The objectives of the Net-Zero City Project:        

  • Discovering and utilizing the newest possible clean technology available in the world today.

  • To design from scratch, infrastructure that integrates technologies to deliver net-zero emissions.

  • Develop multiple avenues for profit and sustainability into the structure and development of the city.

  • Create a comprehensive technology integration blueprint for our partners and collaborators to use in their development projects ongoingly.

 

Committee members will be selected from the applicants who submit their applications by the April 25, 2024 deadline, and who meet the minimum criteria below:

  1. Qualified to participate.

  2. Can afford to participate (aka, their company has enough money to put into both participating on the committee and/or panel, and to implement any technology that they are recommending be used as part of the project).

  3. The applicant’s company is at minimum partially financed, or they have received grant funding to move their projects along.

Further information is available in the application package or on our website at www.netzerocityproject.com.

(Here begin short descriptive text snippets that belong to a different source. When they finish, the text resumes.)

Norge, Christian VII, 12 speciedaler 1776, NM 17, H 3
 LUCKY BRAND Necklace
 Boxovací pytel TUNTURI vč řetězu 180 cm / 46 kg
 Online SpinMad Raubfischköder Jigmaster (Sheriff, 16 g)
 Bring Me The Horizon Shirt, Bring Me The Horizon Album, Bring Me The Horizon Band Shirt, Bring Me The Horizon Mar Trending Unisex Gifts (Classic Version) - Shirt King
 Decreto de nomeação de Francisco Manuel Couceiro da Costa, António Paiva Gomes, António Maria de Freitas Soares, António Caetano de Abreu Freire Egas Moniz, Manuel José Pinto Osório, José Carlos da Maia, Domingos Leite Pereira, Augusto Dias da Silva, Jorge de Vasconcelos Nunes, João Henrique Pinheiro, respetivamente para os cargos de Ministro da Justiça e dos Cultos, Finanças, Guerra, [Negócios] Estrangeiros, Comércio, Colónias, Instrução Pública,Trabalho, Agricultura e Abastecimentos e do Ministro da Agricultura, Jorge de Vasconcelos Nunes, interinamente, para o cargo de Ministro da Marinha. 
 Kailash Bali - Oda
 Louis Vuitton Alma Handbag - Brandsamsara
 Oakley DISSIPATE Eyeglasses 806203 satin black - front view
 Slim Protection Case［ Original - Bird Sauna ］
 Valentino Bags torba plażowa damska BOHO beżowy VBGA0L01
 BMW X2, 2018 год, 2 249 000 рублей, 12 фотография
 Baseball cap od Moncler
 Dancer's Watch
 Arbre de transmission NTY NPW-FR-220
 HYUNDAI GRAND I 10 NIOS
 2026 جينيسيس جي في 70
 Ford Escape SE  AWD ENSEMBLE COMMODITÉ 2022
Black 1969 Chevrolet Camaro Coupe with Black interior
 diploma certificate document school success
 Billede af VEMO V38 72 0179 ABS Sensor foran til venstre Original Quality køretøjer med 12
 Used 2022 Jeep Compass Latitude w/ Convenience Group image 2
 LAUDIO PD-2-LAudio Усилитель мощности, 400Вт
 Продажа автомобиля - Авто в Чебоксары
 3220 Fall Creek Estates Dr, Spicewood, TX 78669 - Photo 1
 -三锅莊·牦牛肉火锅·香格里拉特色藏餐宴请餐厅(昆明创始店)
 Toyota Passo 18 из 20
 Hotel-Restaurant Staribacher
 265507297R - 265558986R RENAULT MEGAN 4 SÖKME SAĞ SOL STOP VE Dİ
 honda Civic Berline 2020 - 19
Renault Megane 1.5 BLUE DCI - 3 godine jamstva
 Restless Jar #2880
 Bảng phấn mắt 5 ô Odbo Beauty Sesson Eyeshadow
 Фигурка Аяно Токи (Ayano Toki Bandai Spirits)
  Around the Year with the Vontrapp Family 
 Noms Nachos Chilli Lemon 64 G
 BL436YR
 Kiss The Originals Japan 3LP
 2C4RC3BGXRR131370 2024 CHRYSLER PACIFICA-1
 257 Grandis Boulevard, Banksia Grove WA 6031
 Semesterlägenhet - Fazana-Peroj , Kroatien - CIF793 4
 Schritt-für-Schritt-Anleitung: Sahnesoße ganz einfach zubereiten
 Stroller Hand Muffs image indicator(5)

If you and/or your company fit within these categories, or you have vendor partners who are likely to fit, please download the application form and submit your application as soon as possible. You can download the application form by clicking here.

We are excited to partner with and invest in the technologies that will be selected by the Net-Zero City Project committees. The results of these collaborations will form the benchmark for North American sustainability strategies and design.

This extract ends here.